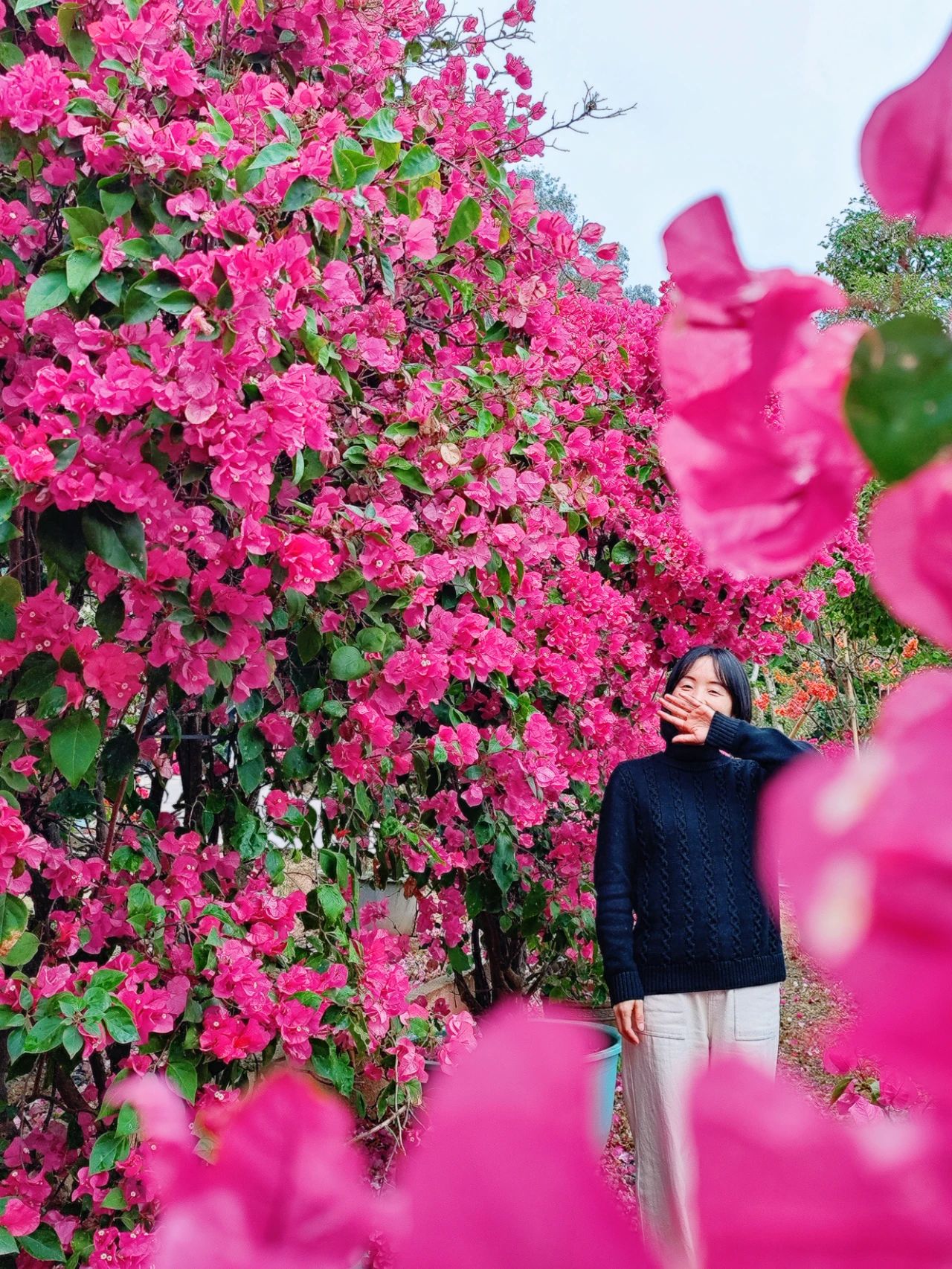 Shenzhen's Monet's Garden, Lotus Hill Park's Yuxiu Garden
==
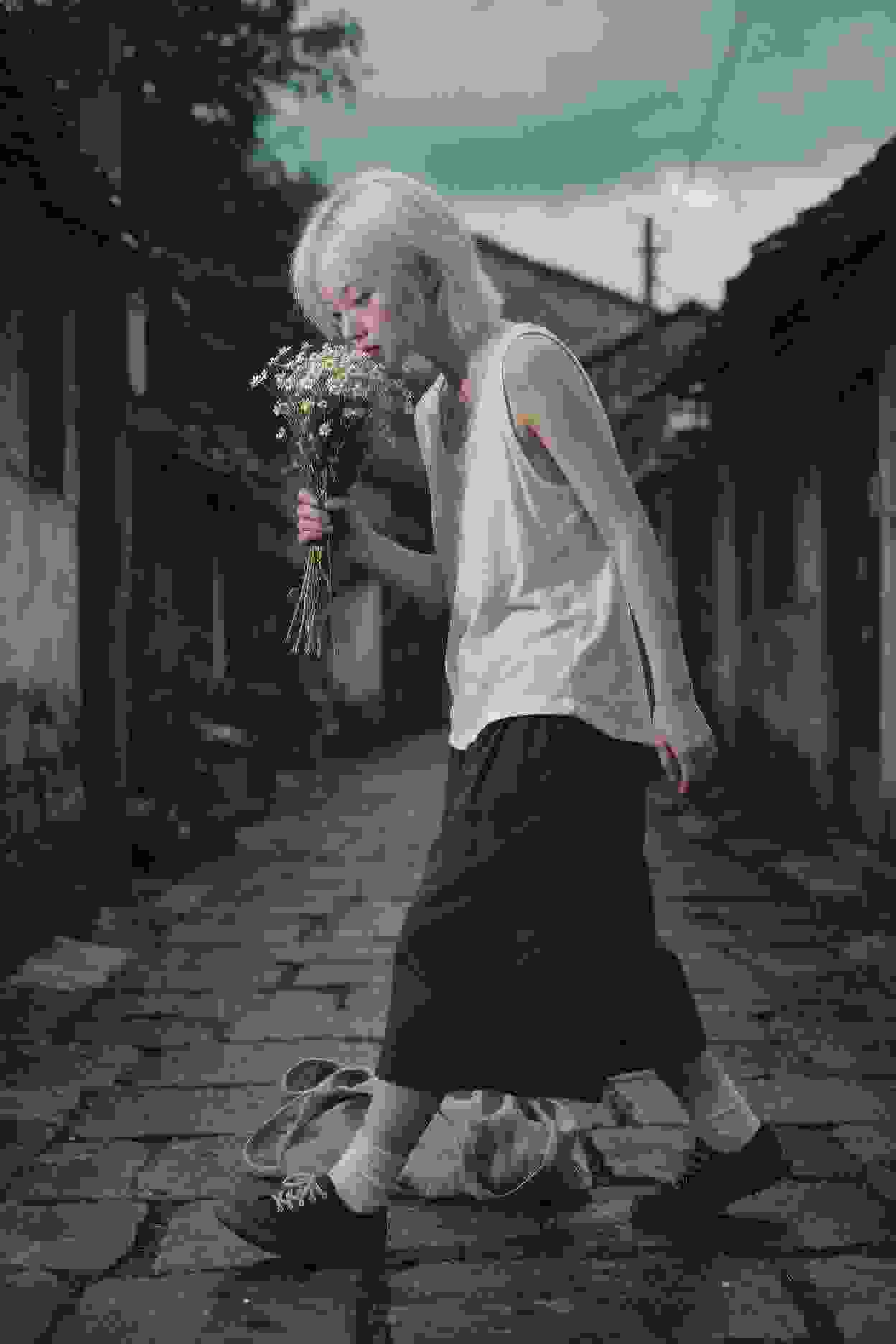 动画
---
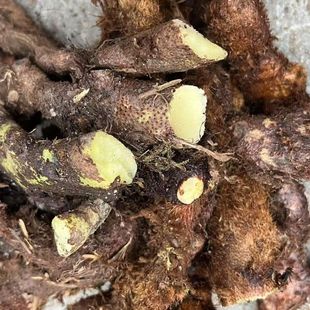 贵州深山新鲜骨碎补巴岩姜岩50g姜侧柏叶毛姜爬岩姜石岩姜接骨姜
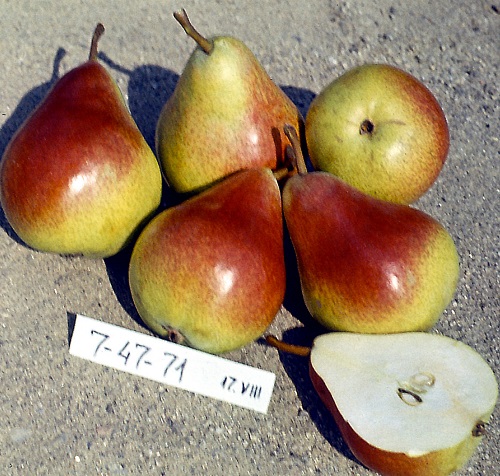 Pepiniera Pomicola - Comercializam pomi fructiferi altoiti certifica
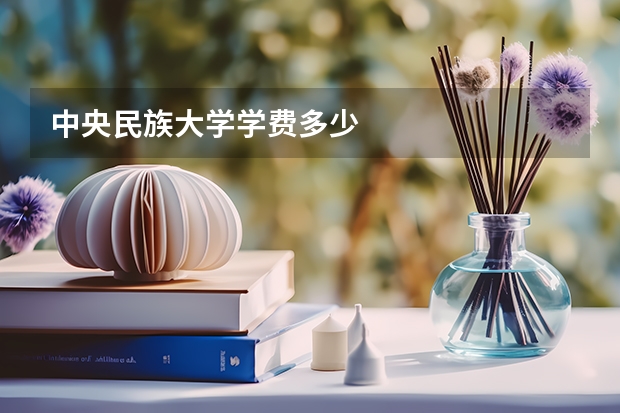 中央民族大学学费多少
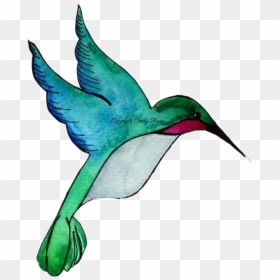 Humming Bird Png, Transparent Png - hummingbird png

Task brief: Everything above from the line with "Pepiniera Pomicola - Comercializam" through the line with "Humming Bird Png, Transparent" should be retyped exactly, and nothing else; omit pictures.

Written answer:
 Pepiniera Pomicola - Comercializam pomi fructiferi altoiti certifica
 中央民族大学学费多少
 Humming Bird Png, Transparent Png - hummingbird png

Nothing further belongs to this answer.